La Guerra de Irak fue tan injusta como injustificada. Innumerables voces autorizadas advirtieron esta contingencia con probada solvencia. Fue inútil. Lo que nadie entendió entonces, ni ahora, es qué pintaba España en “primera fila de combate”. Los gritos de “ilegalidad” eran un clamor popular en todos los rincones del planeta. Países fuera de toda sospecha (Francia y Alemania), que deberían ser una referencia natural, se opusieron a la sinrazón. Y sin embargo España se mantuvo fiel a la barbarie. El PP, liderado por Aznar, llevó a España al ignominioso abismo de la historia. Sus diputados (incluido el de Ceuta), levantando sus brazos, y aplaudiendo alborozados, nos empujaron a todos hacia el horror. Ahí seguimos.
La guerra de Irak aún no ha terminado. No terminará (no debe terminar) hasta que no se depuren todas las responsabilidades. En este ámbito se ha producido una novedad muy significativa ante la que nadie puede permanecer ajeno. El llamado “Informe Chilcot”, elaborado por una Comisión de Investigación británica, ha certificado oficialmente lo ya en su día parecía una evidencia: el motivo de la guerra (la existencia de armas de destrucción masiva) era falso; no se agotaron todas las vías pacíficas para resolver el conflicto; se desoyó alevosamente al Consejo de Seguridad de la ONU; y se manipuló intencionadamente a la opinión pública. Dicho de otro modo se vulneró la legalidad internacional para declarar una guerra innecesaria que ha producido millones de víctimas.
A falta de la correspondiente sentencia judicial del tribunal competente, se puede afirmar que los autores de aquella matanza son criminales de guerra. Entre ellos figura en un lugar destacado (porque así lo quiso) quien presidia el Gobierno de España convirtiendo a nuestro país en un paradigma de maldad.
La asunción de responsabilidades es la piedra angular sobre la que descansa nuestro modelo de sociedad. La impunidad es incompatible con la democracia. Los principios, por definición, son inmutables, universales e intemporales; si no, son intereses, más o menos amplios, pero intereses al fin y al cabo. Y las pruebas son contundentes y concluyentes. Se vulneró la ley de manera consciente con resultado de muerte (masiva). Y un delito de esta magnitud debe ser juzgado. No es lícito intentar zafarse de las responsabilidades agarrándose a eufemismos y vaguedades, o esgrimiendo el paso del tiempo como obsceno eximente.

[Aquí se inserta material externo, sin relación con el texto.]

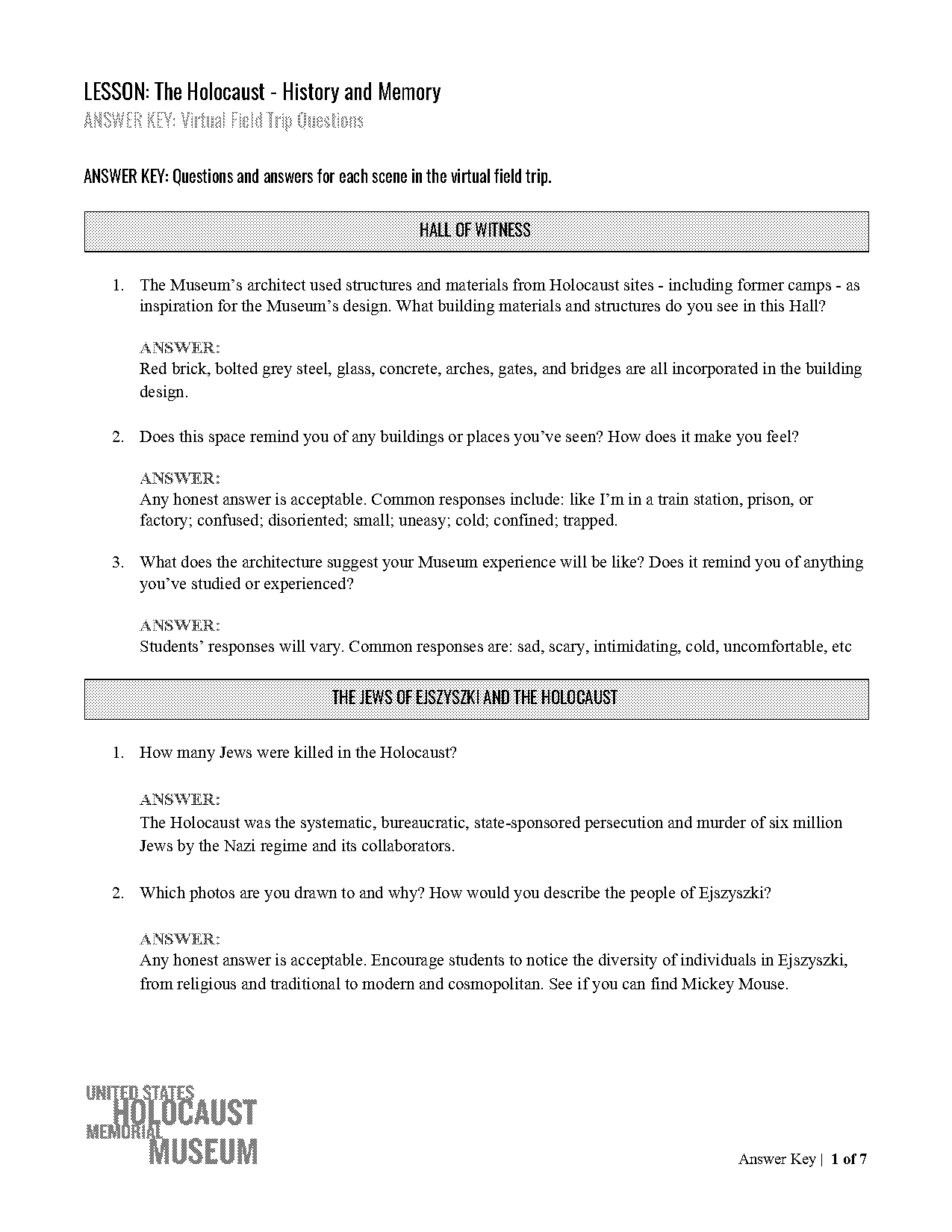 a an some any worksheet pdf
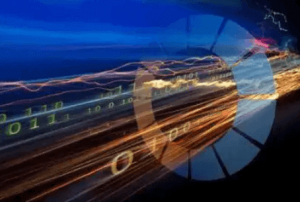 雷电Android模拟器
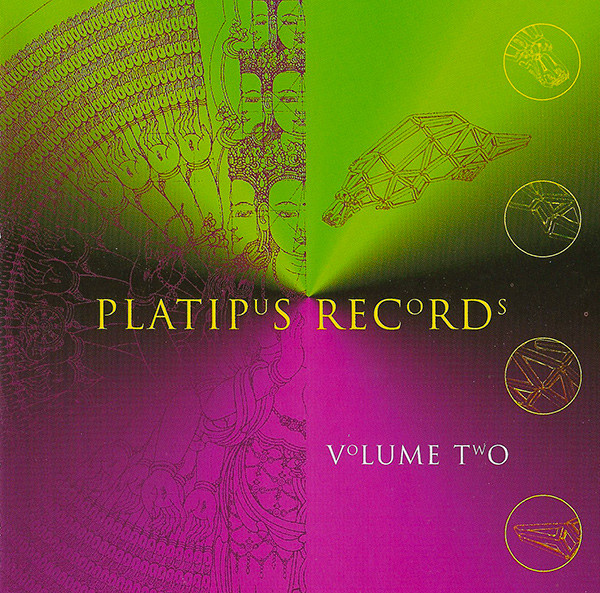 va-platipus-records-vol-2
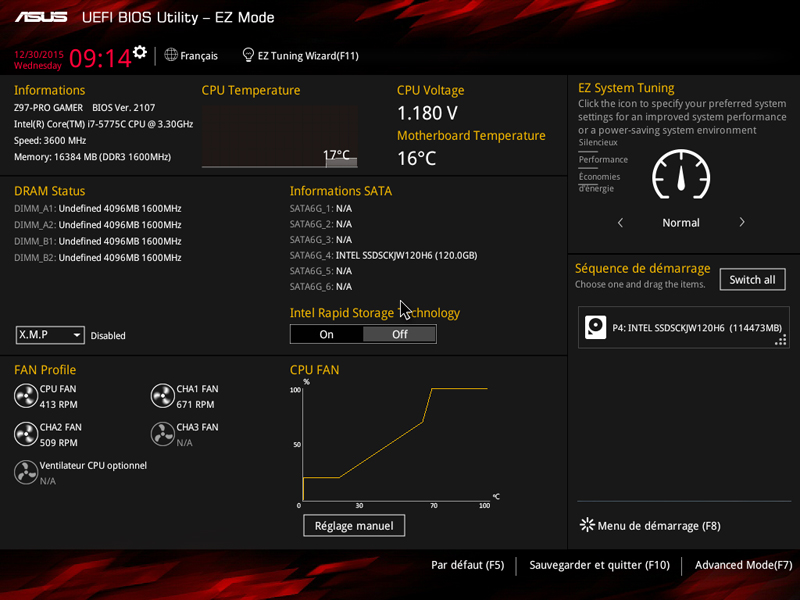 PNY_DDR3_Anarchy_Bios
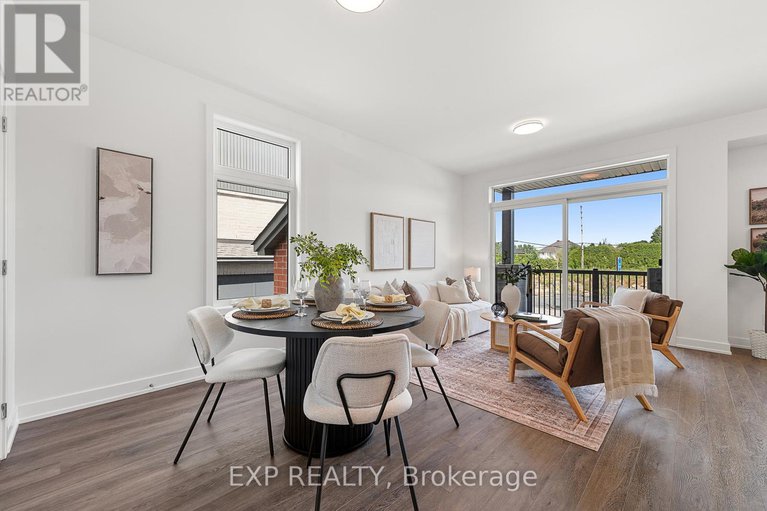 28791224/815-silhouette-private/cedargrovefraserdale/ottawa/ontario/K2J4S3_17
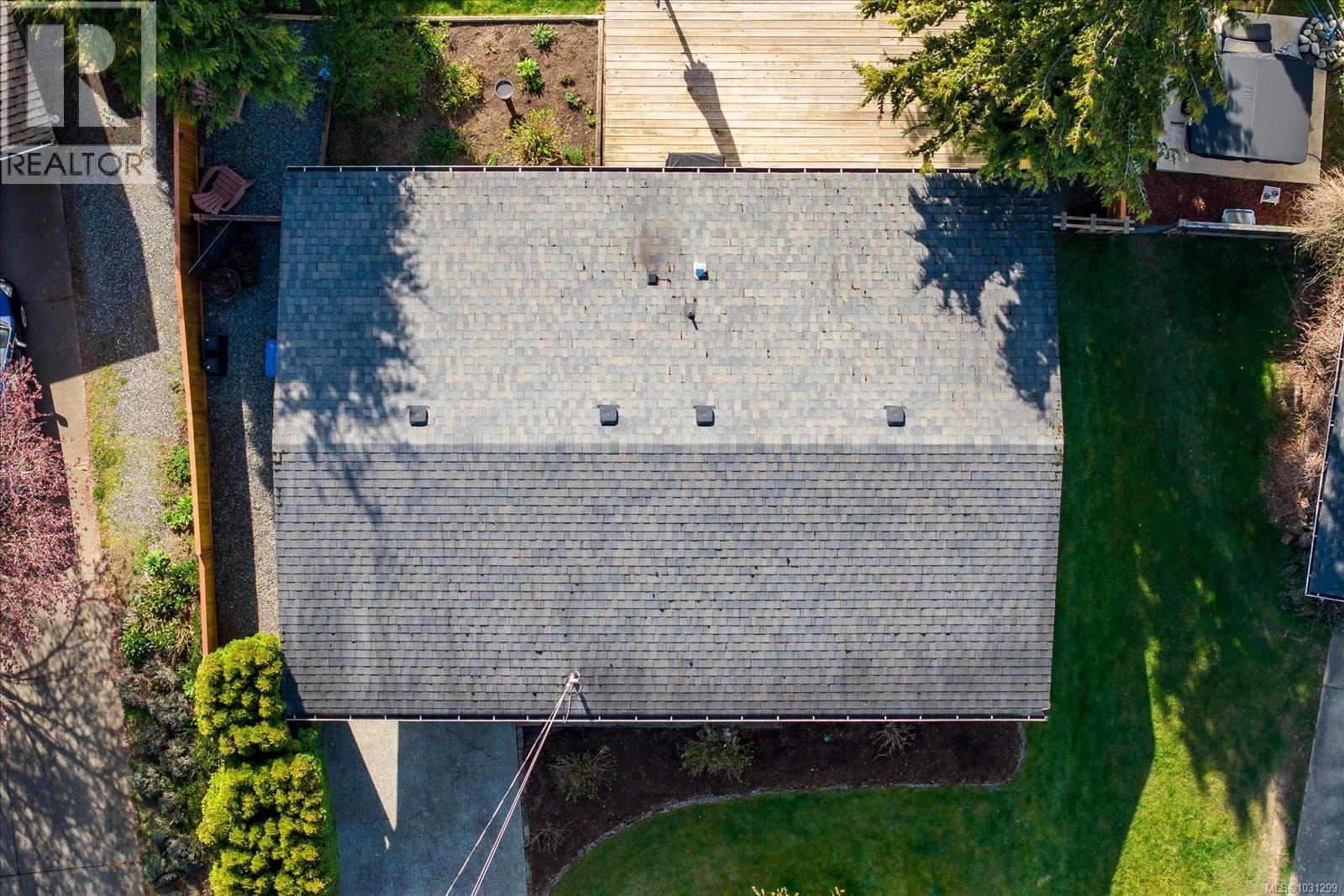 231 Derby Pl, Nanaimo, British Columbia  V9R 6H3 - Photo 45 - 1031299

Cuando las calles se llenaban de gente decente diciendo “No a la guerra”, procurando frenar el desastre, el PP capitaneado por Aznar, se jactaba de su “valentía” y de su “sentido de estado”, mientras nos insultaba y despreciaba con repugnante soberbia. La verdad los ha desnudado. Ahora ya no les queda ni vergüenza. Pero no es suficiente, en una comunidad civilizada los crímenes se saldan en los tribunales de justicia.